The more I uncover historical details from the life of Henry ‘Ōpūkaha‘ia, the more I realize there is much still to be learned.

This week I had the pleasure of meeting the Rev. Henry Boshard Ph.D. and his lovely wife Iris Boshard. Kahu Boshard is the former pastor of the Mokuaikaua Church located on the waterfront in Kailua-Kona, Hawai‘i Island. Henry presented me with a copy of his book In Obedience. Kahu Boshard’s book tells the story of his decades of service (1964-retiring in 2006) as pastor of Mokuaikaua and its sister churches along the sunny Kona coast.

David Ross, a board member and long-time member at Mokuaikaua, arranged the meeting. I hoped to find out more about the childhood years of ‘Ōpūkaha‘ia along the black sand beach and lava rock coastline at Nīnole and Punalu‘u in the Ka‘ū District of Hawai‘i Island. I had read that Kahu Boshard grew up in Punalu‘u. At our meeting in the Thaddeus Room in the Mokuaikaua sanctuary I learned a lot more than expected.

Iris Boshard’s ties to Ka‘ū come through her paniolo father from the Kanaka‘ole family of the Kapapala Ranch. This still-large ranch once stretched from Na‘alehu to Volcano.

Hokuloa Chapel

A vintage photo of the old Hokuloa Church at Punalu‘u, Hawai‘i Island. Photo from The Master and Disciple by Rev. Dr. Henry Boshard.

Kahu Boshard’s grandmother Adeline Nihokula Akiu related to her family that the location of a beachfront parcel makai of the Hokuloa Chapel at Punalu‘u is the birthplace and childhood home of ‘Ōpūkaha‘ia. The Hokuloa Chapel, which was dedicated in 1957 in honor of ‘Ōpūkaha‘ia, looks out over the beachfront parcel.

Standing at the chapel this week on a one-day ‘Ōpūkaha‘ia tour with Scott Tompkins, long-time Univeristy of the Nations School of Writing instructor, I imagined Henry and his family departing Ka‘ū. Scott and I were there at Kealakekua Bay and at Kahikolu Church in Napo‘opo‘o back in the summer of 1993 when ‘Ōpūkaha‘ia’s remains were returned from Cornwall, Connecticut by his family.

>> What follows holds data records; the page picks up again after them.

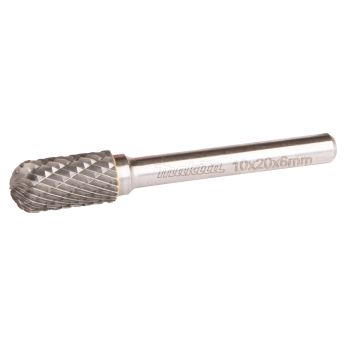 Makita - brusné frézy 10x20x6 oblá dělené ostří kov, nerez B-52750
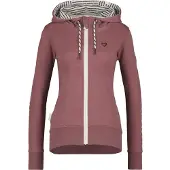 Alife & Kickin "JessyAK A" leichte Kapuzensweatjackemit Logo-Schriftzug auf den Ärmeln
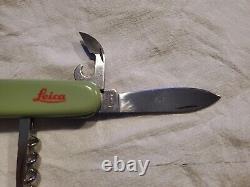 Wenger Leica Swiss Army Knife Rare Discontinued Color. Six Tools Looks Unused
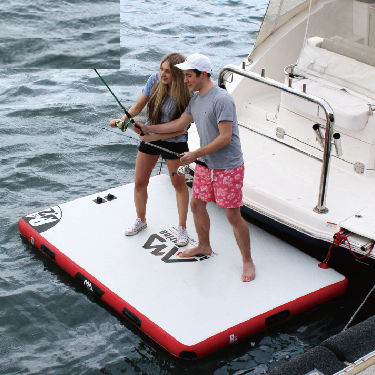 Plateforme flottante - Island - aquamarina - multifonction / pour bateau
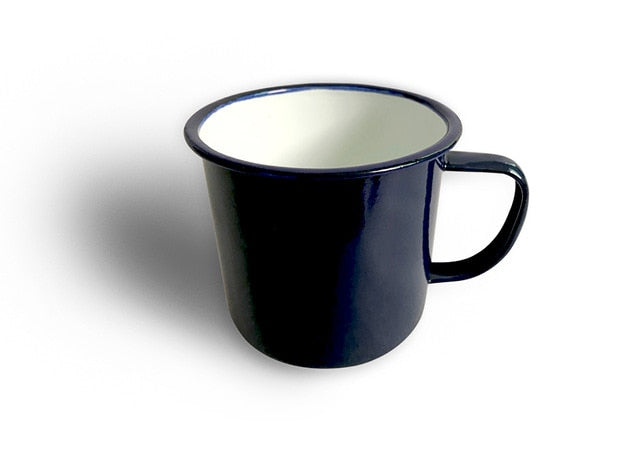 Nostalgic Metal Coffee Mug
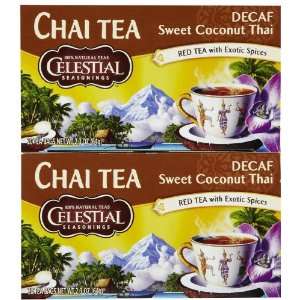   Seasonings Decaf Sweet Coconut Thai Chai Tea Bags, 20 ct, 2 pk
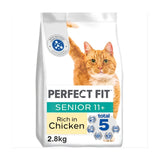 Perfect Fit Senior Chicken Dry Cat Food 2.8kg, imported from the UK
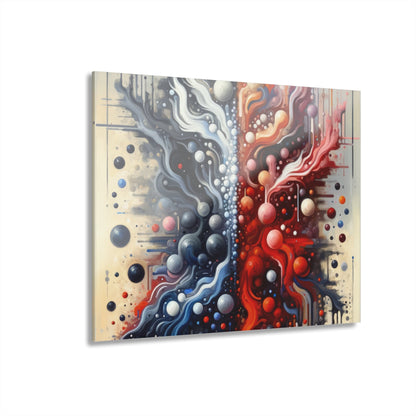 Symbiotic Exchange Abstract Acrylic Prints (French Cleat Hanging) - ATUH.ART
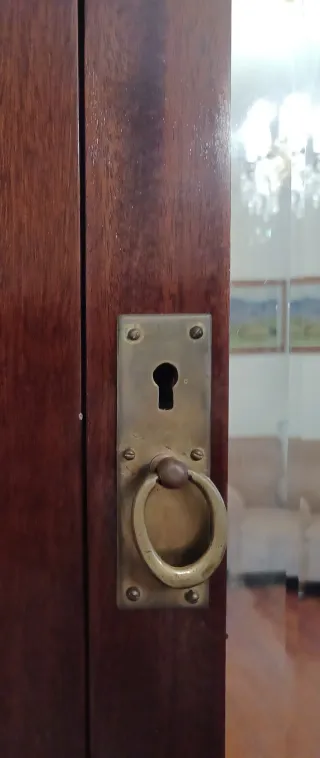 Espejo rectangular madera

Nīnole looking towards Punalu‘u.  The homesite and birthplace of  ‘Ōpūkaha‘ia is located several coves north of this black sand beach.

Nīnole looking towards Punalu‘u. The homesite and birthplace of ‘Ōpūkaha‘ia is located several coves north of this black sand beach.

In 1796 ‘Ōpūkaha‘ia’s father served as a minuteman type soldier in a Ka‘ū army marching under orders of the district ali‘i nui. The local chief hoped to reconquer lands taken earlier by Kamehameha, when the king was distracted completing his conquest of O‘ahu. The family’s fate was never to return to their kuleana at Punalu‘u. All except ‘Ōpūkaha‘ia were slaughtered following the Battle of Kaipalaoa near the Waiakea River in Hilo in the summer of 1796.

I have hiked to closely look over the coastline about a quarter mile south of the Hokuloa Chapel, a beach known as Koloa in the ahupua‘a of Nīnole. I assumed (a faulty practice in searching for pieces of history) that location was ‘Ōpūkaha‘ia’s home. Now I know better!

Boshard books

Kahu Boshard is the author of these two publications that are related to the Mokuaikaua Church. The History of the Mokuaikaua Church provides an insightful narrative of the sweep of time that brought native Hawaiians to Hawai‘i over a thousand years ago up to the arrival of the Sandwich Islands Mission in April 1820 and beyond. The Rev. Asa Thurston, co-leader of the first party of the Sandwich Islands Mission, served at Mokuaikaua from the early 1820s up to the years preceding the Civil War. The Master and His Disciples is a drama written and staged by Kahu Boshard for the 165th anniversary of the founding of Mokuaikaua. The drama portrays the story of ‘Ōpūkaha‘ia and his co-adventurer and close friend Thomas Hopu. The script for The Master and His Disciples appears in the booklet, along with very interesting historic photos of the old Hokuloa Church at Punalu‘u (which preceded today’s chapel) and a photo of the beach parcel where ‘Ōpūkaha‘ia lived as a child.